Поднимает на меня ревностный взгляд.
«Иди, иди… — уговариваю я себя. — Злата так решила — она жена. Чтобы бороться за неё, ты должен хоть что-нибудь предложить этой девочке. Хоть что-нибудь. А у тебя ничего нет. Даже тела!»
Врезаемся с братом плечом в плечо, отшатываясь друг от друга от силы удара. Медленно разворачиваемся, встречаясь взглядами. Мне хочется сорваться и без всяких объяснений разбить ему табло.
— Ты что-то хотел, брат? — настороженно прищуривается.
— Кое-что хотел…
— Хватит, брат. Ты пугаешь её. Оставь нас в покое, мы любим друг друга.
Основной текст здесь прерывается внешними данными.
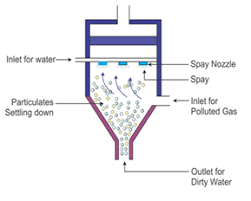What Is A Wet Scrubber Explain Its Working With The Help Of A Diagram Geography Topperlearning Com 60pbsdl77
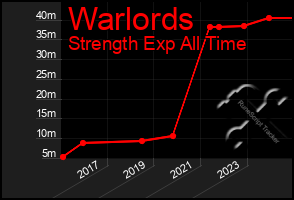 Total Graph of Warlords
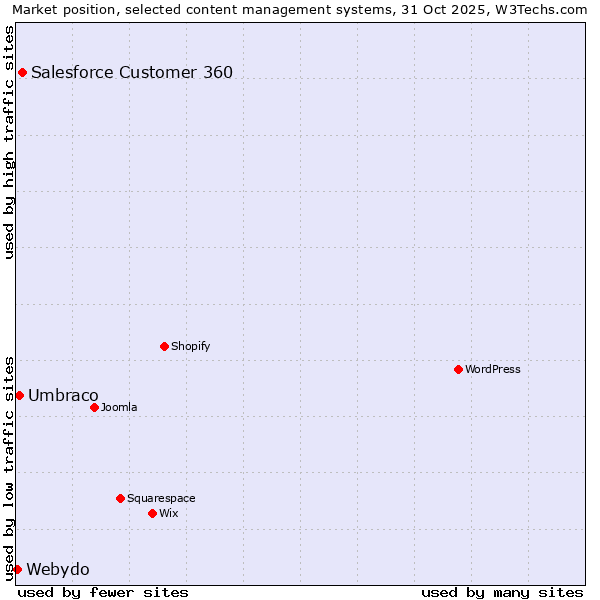 Market position of Salesforce Customer 360 vs. Umbraco vs. Webydo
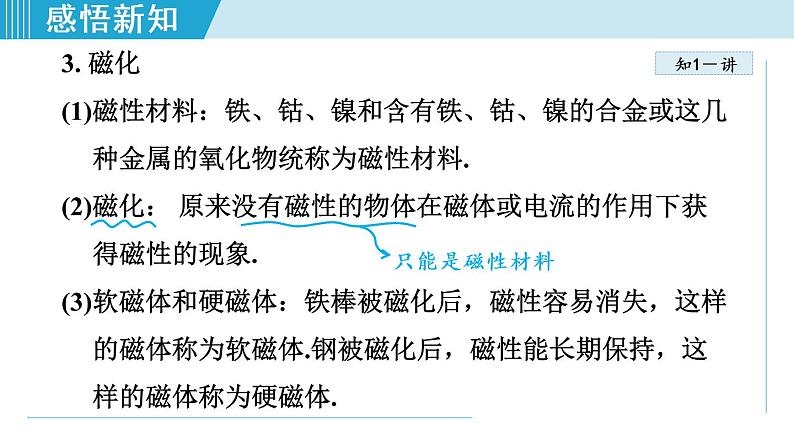 苏科版九年级物理课件  16.1磁体与磁场06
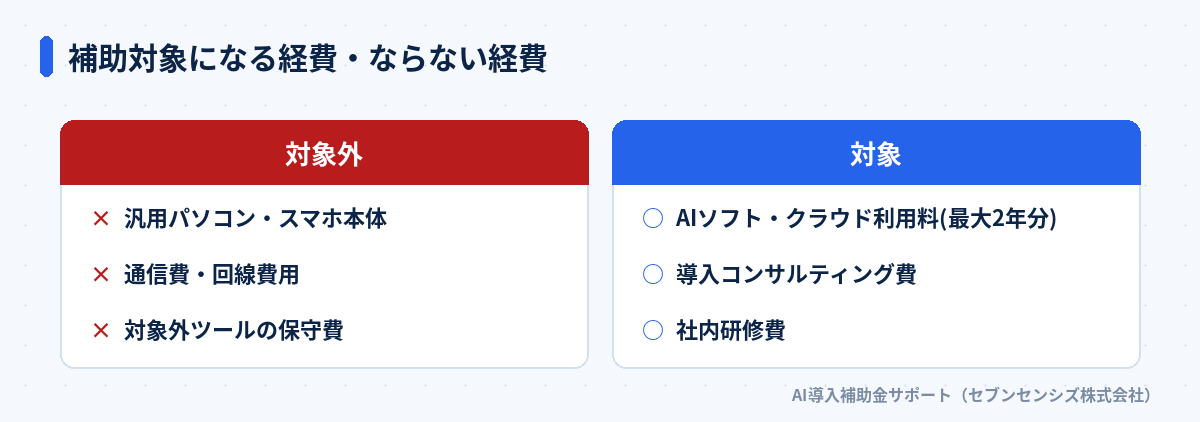 補助対象になる経費とならない経費: 対象外は汎用パソコン・通信費・保守費、対象はAIソフト・クラウド利用料・導入コンサル費・研修費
Не верю. «Слабак и подлец». О любимом женщина так не скажет.
Повар с подносом выходит с лестницы к нам.
— Это куда? — с недоумением окликает его Родион, когда тот с опаской проходит мимо нас.
— Злате Романовне. Демид Альбертович распорядился.
Скрывается за дверью.
— Распоряжайся, своими тёлками, Дэм! — взрывается Родион. — О ней я могу и сам позаботиться!
— Но не смог же.
Отворачиваясь иду дальше.
— Брат!
Оборачиваюсь.
— Хватит… Я был не прав, окей? Не будем продолжать эту ссору.
Это не ссора, идиот, это война теперь! Троянская!
Но это вполне в стиле Родиона. Накосячить, нарваться, открыть не в тему свой рот, а потом не отвечать за слова и поступки, а дать заднюю, извинившись. Словно это что-то решает. В мире мужчин это нихрена не решает!
Молча иду к комнате Тихона. Стучусь, и захожу.
Молодец, Черкасов! Учись стучаться. Какого ты залетел к ней без стука?!
— Тихий…
— М? — разворачивается на компьютерном кресле.
— Где ствол Ивана Михайловича?
— Он мой, — набычивается.
— Твой, но лежать будет как положено, в сейфе, давай сюда.
Бросает украдкой взгляд на шкаф, возле которого я стою.
— Здесь? — кладу руку сверху.
Недовольно сопит.
— Тихий, ну не обыскивать же тебя? Давай, добровольно сдавай оружие.